にしおか 忘れちゃったなぁ……1人暮らしが長かったから。うちは母が大黒柱で、看護師さんとして働きながら、姉と私を愛情深く育ててくれた家庭ではありました。父は定年までサラリーマンでしたけど、昔から働いたお金を飲み代に使っちゃう酔っ払いで、最初から今までずっと戦力外(笑)。本当にブレないな、とは思いますね。それで関係がうまく回ってたかどうかはわかりませんけど、そのかたちでこれまでやってきました。

「母のネガティブな発言が増えていたのは驚きました」

──久しぶりに実家での同居生活が始まって、家族の変化に驚くことはありましたか?

にしおか 母はもともとはポジティブな人だったので、ネガティブな発言が増えていたのは驚きました。

 それと、ダウン症の姉は「早く歳を取ってるな」っていうのはすごく感じます。長生きする方もたくさんいらっしゃいますけど、ダウン症は老化が早まると聞いたりもします。だから年齢は1個しか違わないはずなのに、どんどん先を行っちゃってる気がして寂しくなることはありますね。

 

──お姉様の病院には今でもお母様が付き添われているんですよね。お2人だけの外出に不安はありませんか?

にしおか 現在は姉の病院に関しては母が付き添い、そのすぐ後ろを私が暇だからみたいな顔して付いて行きます。3人で行ってます(笑)。でも私、率先はしません。

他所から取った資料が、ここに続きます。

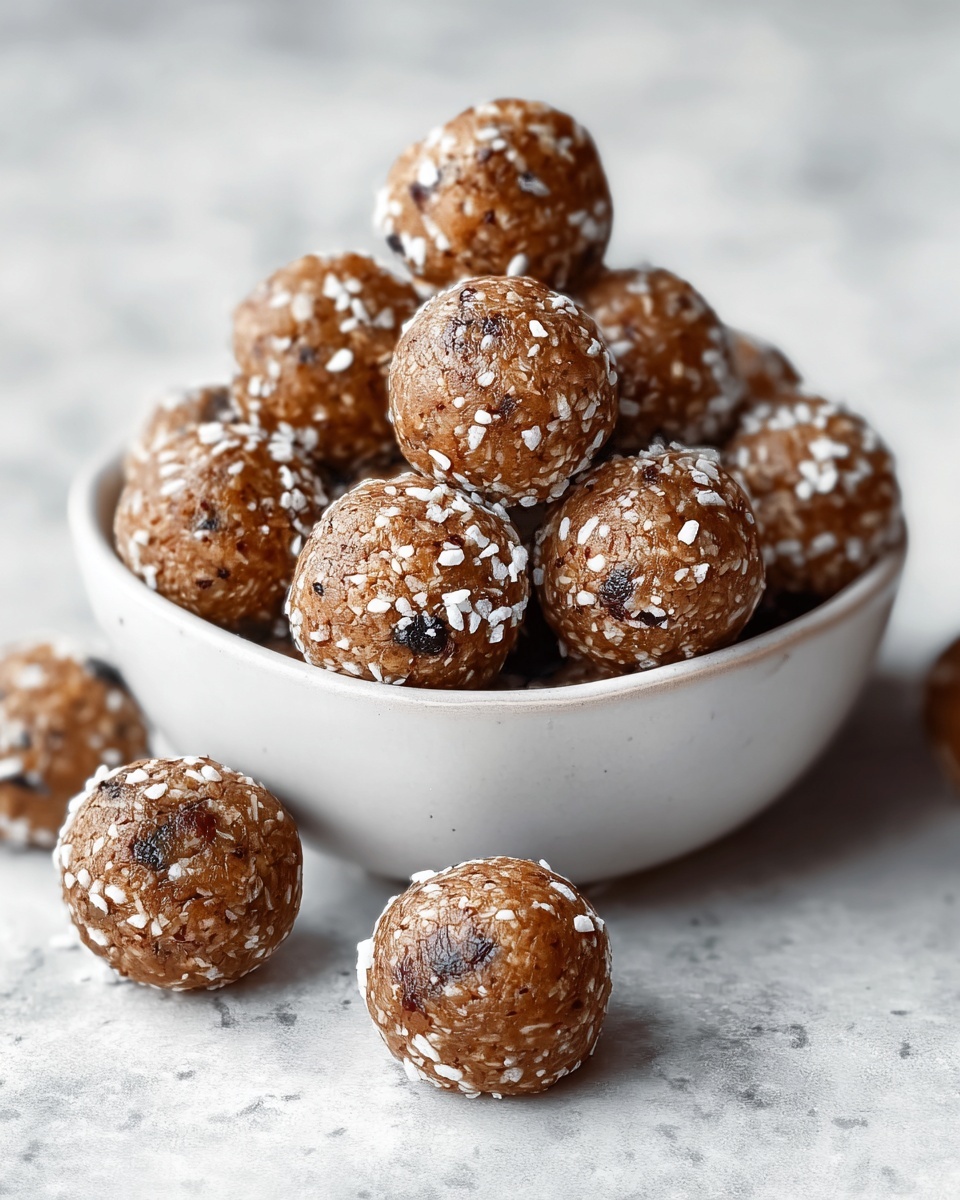 No Bake Protein Balls Recipe - Recipe Image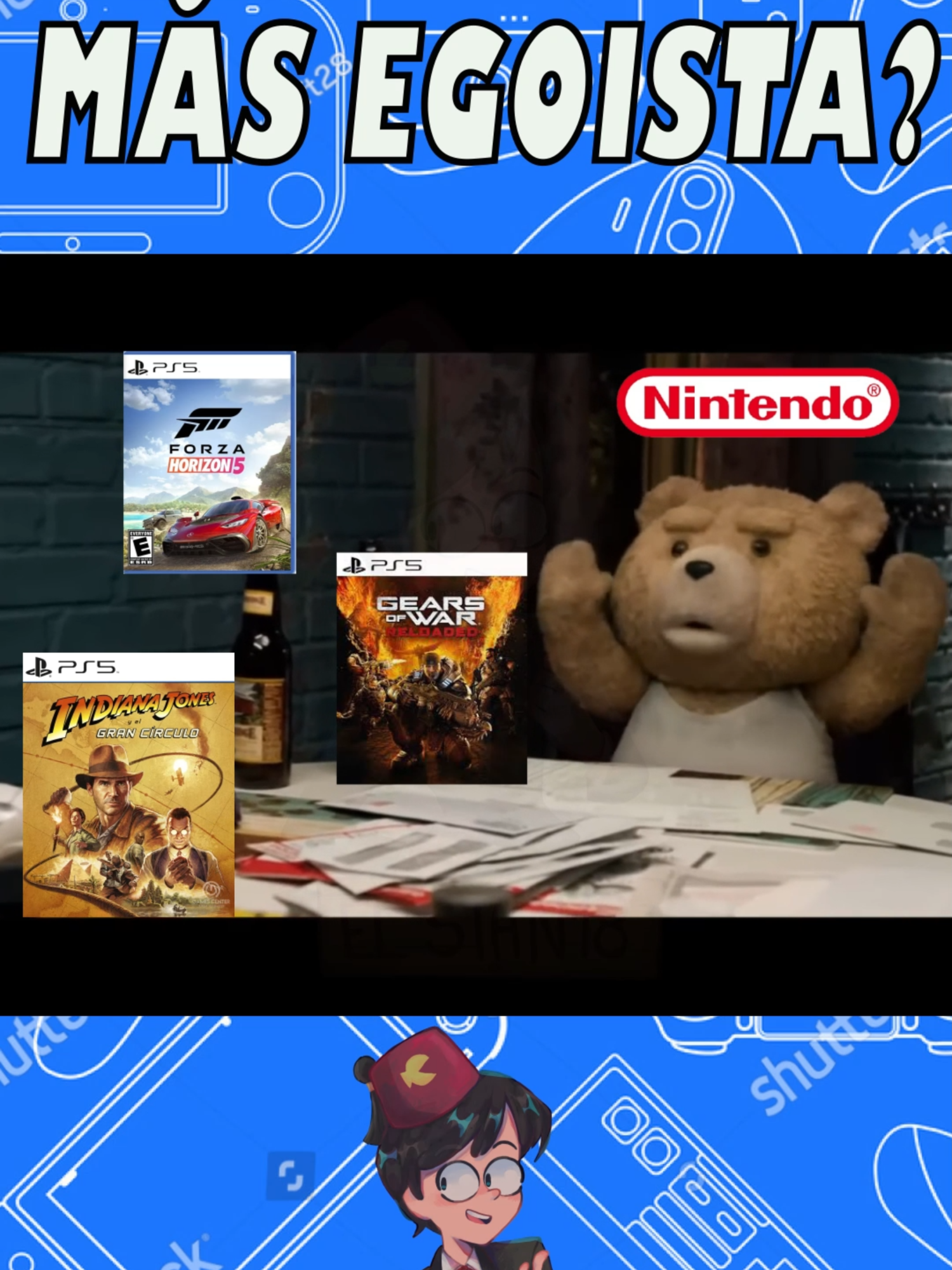 ¿Cuál consola es más Egoísta? 🤔🤔🎮🎮 . . . #parodia #viraltiktok #videoviral #parody #memes #videogames #videojuegos #memes😂 #pcgaming #playstation #nintendo #xbox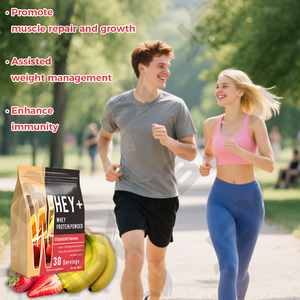 JBY Organik Fitness Spor Salonu Vücut Geliştirme İçin Kilo Aldırıcı Takviyeler, Vücut Geliştirici Whey <span class=keywords><strong>Protein</strong></span> Tozu - Product Image 4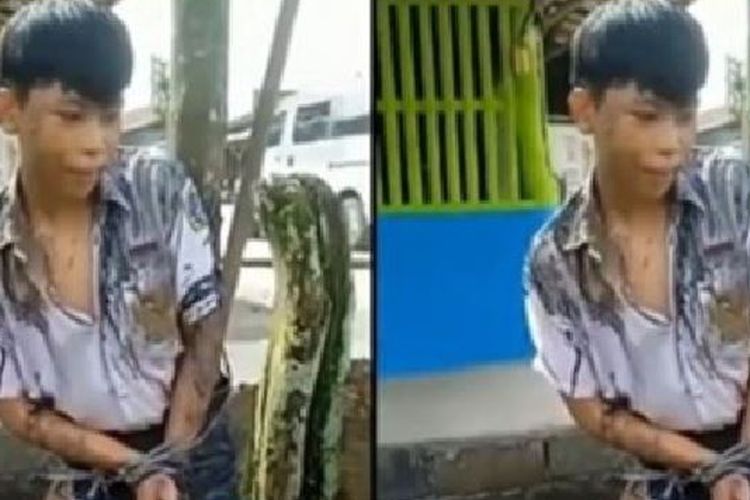 Viral Siswa SMP Dibully Teman Sebaya Sampai Disiram Air Comberan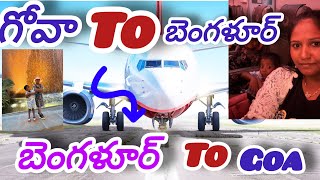 Goa to banglore to Hyderabad flight ✈️ journeytrendingshorts flightlovers viralvideo trending [upl. by Anama]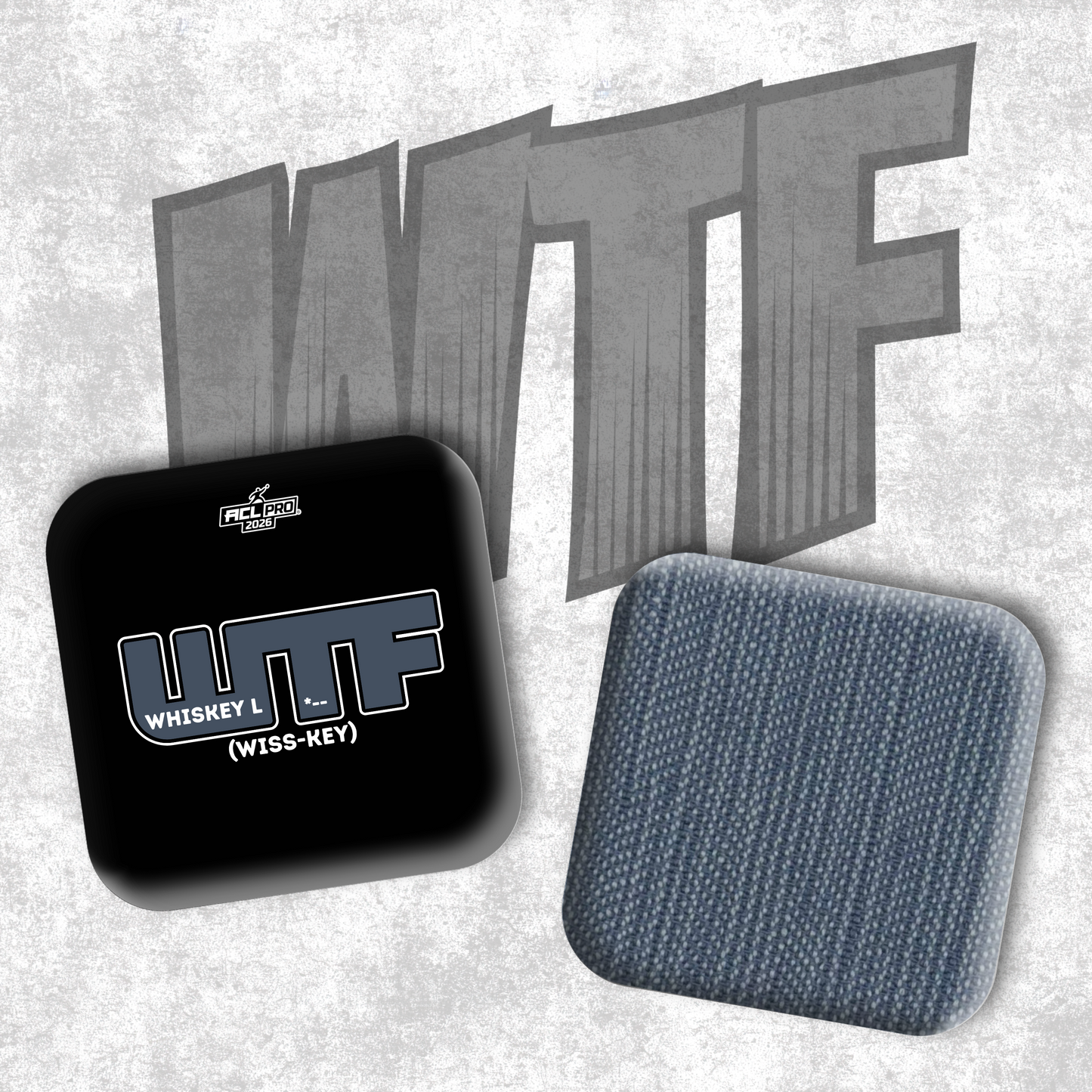 2026 WTF Whiskey Genesis Logo - ACL Pro Stamped Cornhole Bags - Set of 4 bags (Copy)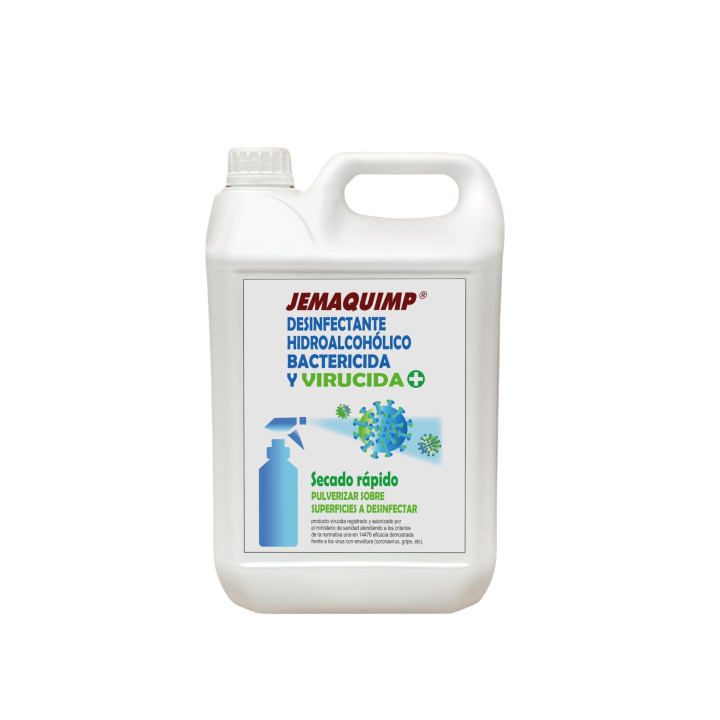 01 Jemaquimp Desinfectante Hidroalcohólico Bactericida y Virucida (5 litros)
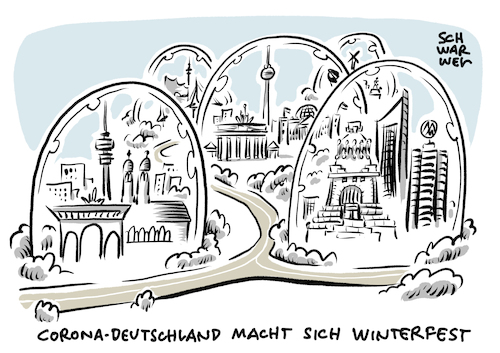 Cartoon: Coronaherbst Deutschland (medium) by Schwarwel tagged corona,coronavirus,covid19,coronapandemie,pandemie,coronakrise,kontaktbeschränkungen,quarantäne,sperrstunde,alkoholverbot,reisebeschränkungen,virus,virusinfektion,coronatests,rki,neuinfektionen,gesundheitsamt,infektionsschutz,infektionsketten,mundnasenschutz,maskenpflicht,hygienekonzept,hände,waschen,abstand,halten,abstandsregeln,hotspots,who,reisewarnung,mns,cartoon,karikatur,schwarwel,coronaherbst,deutschland,merkel,lockdown,städte,großstädte,corona,coronavirus,covid19,coronapandemie,pandemie,coronakrise,kontaktbeschränkungen,quarantäne,sperrstunde,alkoholverbot,reisebeschränkungen,virus,virusinfektion,coronatests,rki,neuinfektionen,gesundheitsamt,infektionsschutz,infektionsketten,mundnasenschutz,maskenpflicht,hygienekonzept,hände,waschen,abstand,halten,abstandsregeln,hotspots,who,reisewarnung,mns,cartoon,karikatur,schwarwel,coronaherbst,deutschland,merkel,lockdown,städte,großstädte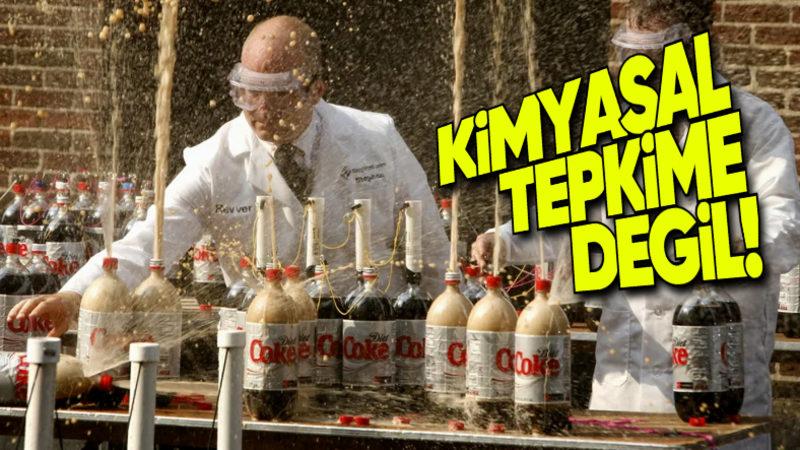 Bir Dönem Viral Olan, Kolaya Mentos Atınca Patlamasının Sebebi Neydi? Hayır, Kimyasal Tepkime Değil!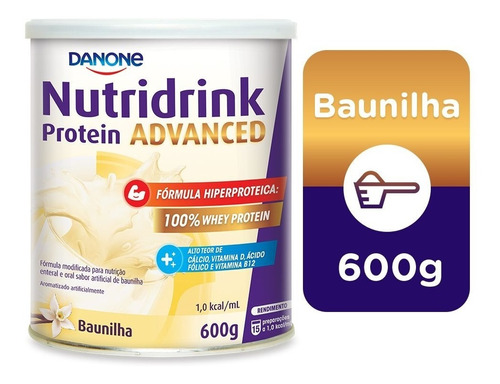 Suplemento Nutridrink Protein Advanced Baunilha 600g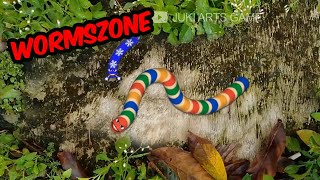 Worm zone real life - WormsZone.io viral video - cacing game #2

 認知症とは言っても母ができることはまだたくさんあって、特に姉の面倒は母が全部見てるんです。できないことも増えてはいくんだけど、できることになるべく目を向けて、難しかったりミスをしたときになんとなくフォローすればいいやって思うようにしてます。

 他にも例えば、姉が通っている作業所の日々の連絡事項等なんかも基本は母がやっていて、難しいことだけ職員さんが私にお知らせしてくださってフォローする、みたいな。周りの方々にもだいぶ助けていただいてます。